Hayvanların metabolizması sonucu ortaya çıkan atıkların vücuttan atılabilmesi için suda çözünmesi gerekmektedir. Bu nedenle atık cinsi ve miktarı su dengesi üzerinde önemli bir etkiye sahiptir. En önemli atıklar arasında azotlu bileşikler öne çıkmaktadır. Protein ve nükleik asitlerin parçalanması sonucu oluşan büyük moleküller, enzimler aracılığıyla amonyağa dönüştürülür. Amonyak, hayvanların atık olarak attığı en zehirli maddedir ve çok miktarda su gerektirir. Bazı hayvanlar, atıklarını daha az zehirli olan üre ve ürik aside dönüştürerek atarlar. Ancak ürik asit üretimi için gereken ATP miktarı üre üretimine kıyasla daha fazladır.
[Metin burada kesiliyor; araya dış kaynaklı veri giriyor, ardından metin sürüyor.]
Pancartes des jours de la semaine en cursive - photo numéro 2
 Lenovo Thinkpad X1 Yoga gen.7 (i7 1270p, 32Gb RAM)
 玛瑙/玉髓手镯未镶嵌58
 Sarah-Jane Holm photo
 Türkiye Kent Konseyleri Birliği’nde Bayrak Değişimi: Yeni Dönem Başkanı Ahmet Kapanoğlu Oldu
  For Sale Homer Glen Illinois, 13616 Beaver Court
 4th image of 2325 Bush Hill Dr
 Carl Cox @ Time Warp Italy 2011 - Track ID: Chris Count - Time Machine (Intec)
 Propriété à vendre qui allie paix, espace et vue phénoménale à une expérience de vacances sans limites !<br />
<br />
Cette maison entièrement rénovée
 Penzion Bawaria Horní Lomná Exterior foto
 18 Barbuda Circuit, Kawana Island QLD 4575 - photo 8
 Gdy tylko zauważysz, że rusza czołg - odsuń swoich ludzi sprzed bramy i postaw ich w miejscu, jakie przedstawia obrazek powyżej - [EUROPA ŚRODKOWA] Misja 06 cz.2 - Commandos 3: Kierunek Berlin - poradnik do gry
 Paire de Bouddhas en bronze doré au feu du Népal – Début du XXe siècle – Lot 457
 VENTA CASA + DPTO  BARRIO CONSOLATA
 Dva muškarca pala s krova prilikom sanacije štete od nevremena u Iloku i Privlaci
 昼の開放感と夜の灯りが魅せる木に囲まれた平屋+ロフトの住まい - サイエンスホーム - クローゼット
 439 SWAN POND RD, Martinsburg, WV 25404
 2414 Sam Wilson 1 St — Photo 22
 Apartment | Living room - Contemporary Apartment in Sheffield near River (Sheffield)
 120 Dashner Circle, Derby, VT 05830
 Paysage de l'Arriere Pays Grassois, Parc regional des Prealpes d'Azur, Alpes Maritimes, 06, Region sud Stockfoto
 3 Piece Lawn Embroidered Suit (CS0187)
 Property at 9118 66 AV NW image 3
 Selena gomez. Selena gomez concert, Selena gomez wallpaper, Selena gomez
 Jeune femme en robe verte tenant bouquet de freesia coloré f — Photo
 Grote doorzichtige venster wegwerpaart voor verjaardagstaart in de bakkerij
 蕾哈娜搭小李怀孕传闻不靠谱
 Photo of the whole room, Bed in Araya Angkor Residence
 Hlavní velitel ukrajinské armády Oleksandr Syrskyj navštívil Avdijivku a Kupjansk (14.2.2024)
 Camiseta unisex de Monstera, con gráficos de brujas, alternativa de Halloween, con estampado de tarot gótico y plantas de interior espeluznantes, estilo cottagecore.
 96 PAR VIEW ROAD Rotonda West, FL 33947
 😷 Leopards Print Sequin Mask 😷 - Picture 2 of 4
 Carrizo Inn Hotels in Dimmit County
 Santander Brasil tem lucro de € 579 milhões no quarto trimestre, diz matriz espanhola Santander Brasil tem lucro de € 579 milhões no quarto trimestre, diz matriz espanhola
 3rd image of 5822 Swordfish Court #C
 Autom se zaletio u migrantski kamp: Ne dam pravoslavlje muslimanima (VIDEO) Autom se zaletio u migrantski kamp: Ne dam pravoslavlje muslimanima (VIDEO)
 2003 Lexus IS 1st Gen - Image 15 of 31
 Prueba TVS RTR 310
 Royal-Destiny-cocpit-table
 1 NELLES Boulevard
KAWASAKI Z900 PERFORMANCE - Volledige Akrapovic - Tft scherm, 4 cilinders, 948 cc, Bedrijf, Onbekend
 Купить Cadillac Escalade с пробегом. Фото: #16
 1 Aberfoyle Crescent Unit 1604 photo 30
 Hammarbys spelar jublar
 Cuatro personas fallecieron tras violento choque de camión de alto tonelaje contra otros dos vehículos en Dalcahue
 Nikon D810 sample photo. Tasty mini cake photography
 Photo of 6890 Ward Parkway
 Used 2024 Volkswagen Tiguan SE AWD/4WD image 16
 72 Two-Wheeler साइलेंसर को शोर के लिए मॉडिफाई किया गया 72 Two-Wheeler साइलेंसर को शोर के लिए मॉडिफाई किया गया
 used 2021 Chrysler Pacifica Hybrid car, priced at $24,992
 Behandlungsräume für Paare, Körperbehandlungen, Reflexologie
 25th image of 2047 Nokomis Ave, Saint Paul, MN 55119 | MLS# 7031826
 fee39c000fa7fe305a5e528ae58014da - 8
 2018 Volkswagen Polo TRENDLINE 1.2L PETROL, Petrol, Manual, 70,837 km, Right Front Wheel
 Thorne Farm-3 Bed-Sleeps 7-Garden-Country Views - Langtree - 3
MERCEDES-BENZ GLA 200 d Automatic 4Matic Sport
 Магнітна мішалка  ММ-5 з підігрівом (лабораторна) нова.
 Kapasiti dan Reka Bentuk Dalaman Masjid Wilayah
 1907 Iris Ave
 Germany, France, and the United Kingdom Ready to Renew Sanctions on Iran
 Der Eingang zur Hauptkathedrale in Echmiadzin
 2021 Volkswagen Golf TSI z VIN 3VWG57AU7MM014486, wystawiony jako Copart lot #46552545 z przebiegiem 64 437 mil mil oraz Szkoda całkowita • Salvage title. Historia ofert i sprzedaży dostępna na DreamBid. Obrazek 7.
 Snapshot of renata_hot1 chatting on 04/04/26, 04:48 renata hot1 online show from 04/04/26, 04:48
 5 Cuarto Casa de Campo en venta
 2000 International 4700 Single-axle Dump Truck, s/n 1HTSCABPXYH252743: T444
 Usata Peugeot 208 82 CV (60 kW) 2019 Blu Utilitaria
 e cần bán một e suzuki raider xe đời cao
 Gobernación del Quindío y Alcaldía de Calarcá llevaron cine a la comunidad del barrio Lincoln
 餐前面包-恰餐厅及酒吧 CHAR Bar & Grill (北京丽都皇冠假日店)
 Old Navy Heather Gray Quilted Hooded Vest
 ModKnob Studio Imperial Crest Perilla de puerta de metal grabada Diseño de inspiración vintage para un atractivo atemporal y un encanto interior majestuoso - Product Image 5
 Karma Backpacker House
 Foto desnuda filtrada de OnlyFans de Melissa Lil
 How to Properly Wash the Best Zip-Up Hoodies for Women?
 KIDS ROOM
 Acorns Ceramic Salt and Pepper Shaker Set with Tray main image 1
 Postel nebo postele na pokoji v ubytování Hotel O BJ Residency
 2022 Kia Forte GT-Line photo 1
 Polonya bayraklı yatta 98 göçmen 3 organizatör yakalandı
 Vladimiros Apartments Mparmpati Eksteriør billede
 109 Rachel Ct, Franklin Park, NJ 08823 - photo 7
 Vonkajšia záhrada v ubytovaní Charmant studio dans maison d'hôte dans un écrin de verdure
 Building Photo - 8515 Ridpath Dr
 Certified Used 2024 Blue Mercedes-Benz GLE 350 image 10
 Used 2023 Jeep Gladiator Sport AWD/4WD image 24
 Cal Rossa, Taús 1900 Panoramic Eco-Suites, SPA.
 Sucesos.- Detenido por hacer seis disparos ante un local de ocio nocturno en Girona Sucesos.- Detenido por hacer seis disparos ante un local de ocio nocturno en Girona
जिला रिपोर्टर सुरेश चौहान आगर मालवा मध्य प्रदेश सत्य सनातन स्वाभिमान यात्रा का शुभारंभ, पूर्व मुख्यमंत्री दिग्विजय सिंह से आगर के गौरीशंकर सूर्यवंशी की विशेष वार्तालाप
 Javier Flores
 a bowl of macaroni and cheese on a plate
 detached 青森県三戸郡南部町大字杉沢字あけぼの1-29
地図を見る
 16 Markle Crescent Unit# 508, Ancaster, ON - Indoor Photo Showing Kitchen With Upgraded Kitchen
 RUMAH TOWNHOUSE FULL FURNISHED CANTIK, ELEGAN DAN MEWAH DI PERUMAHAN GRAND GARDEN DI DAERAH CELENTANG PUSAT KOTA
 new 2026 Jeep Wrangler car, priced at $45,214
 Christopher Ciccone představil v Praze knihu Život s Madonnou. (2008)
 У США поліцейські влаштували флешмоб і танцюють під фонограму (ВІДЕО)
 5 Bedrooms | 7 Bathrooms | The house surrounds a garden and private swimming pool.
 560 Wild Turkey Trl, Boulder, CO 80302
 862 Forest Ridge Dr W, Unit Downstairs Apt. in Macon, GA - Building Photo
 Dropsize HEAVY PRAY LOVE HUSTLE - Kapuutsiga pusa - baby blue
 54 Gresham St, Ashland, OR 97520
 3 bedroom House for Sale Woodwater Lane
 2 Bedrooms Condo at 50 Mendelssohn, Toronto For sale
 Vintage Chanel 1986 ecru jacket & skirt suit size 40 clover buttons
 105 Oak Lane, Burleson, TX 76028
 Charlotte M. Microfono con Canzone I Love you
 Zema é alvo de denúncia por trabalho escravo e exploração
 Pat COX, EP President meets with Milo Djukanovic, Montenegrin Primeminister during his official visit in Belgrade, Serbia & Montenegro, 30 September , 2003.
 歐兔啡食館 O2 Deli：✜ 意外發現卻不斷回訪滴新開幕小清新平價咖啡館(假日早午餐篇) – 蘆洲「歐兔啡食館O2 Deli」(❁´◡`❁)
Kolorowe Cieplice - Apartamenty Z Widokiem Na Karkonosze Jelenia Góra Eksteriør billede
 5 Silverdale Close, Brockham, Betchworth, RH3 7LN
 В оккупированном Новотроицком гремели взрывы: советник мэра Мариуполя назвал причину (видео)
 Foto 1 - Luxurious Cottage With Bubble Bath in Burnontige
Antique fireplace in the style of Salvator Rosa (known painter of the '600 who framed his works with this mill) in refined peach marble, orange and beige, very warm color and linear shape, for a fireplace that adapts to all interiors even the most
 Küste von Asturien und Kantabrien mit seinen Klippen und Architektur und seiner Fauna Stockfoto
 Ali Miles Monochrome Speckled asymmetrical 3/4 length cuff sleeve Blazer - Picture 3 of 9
Amonyak suda çok çözünen bir maddedir ve sucul hayvanlarda daha sık rastlanır. Amonyak molekülleri kolayca zarları geçebilir ve dış ortamda suya sızabilir. Omurgasız hayvanlarda amonyak atılımı tüm vücut yüzeyinden gerçekleşirken, balıklarda solungaçlardan atılır.
Memeliler, iki yaşamlılar, deniz balıkları ve kaplumbağalar üre atık olarak dışarı atarlar. Ürenin zehir etkisi amonyağa kıyasla çok düşüktür, ancak sentez sırasında kullanılan enerji miktarı daha fazladır. Bu nedenle iki yaşamlılar, larva döneminde amonyak, ergin dönemde ise üre atarak su kaybı ve enerji kullanımı arasındaki dengeyi sağlarlar.
Ürik asit, suda çok az çözünen bir maddedir ve sürüngen, böcek ve kuş gibi kurak ortam hayvanlarında daha sık rastlanır. Bu atık, çok az su ile birlikte yarı katı halde dışarı atılır.
Hayvanların ne tür ve ne kadar besin tükettiği atık miktarını etkileyen önemli bir faktördür. Ayrıca, atıkların vücuttan atılması için gereken su miktarı da önemlidir.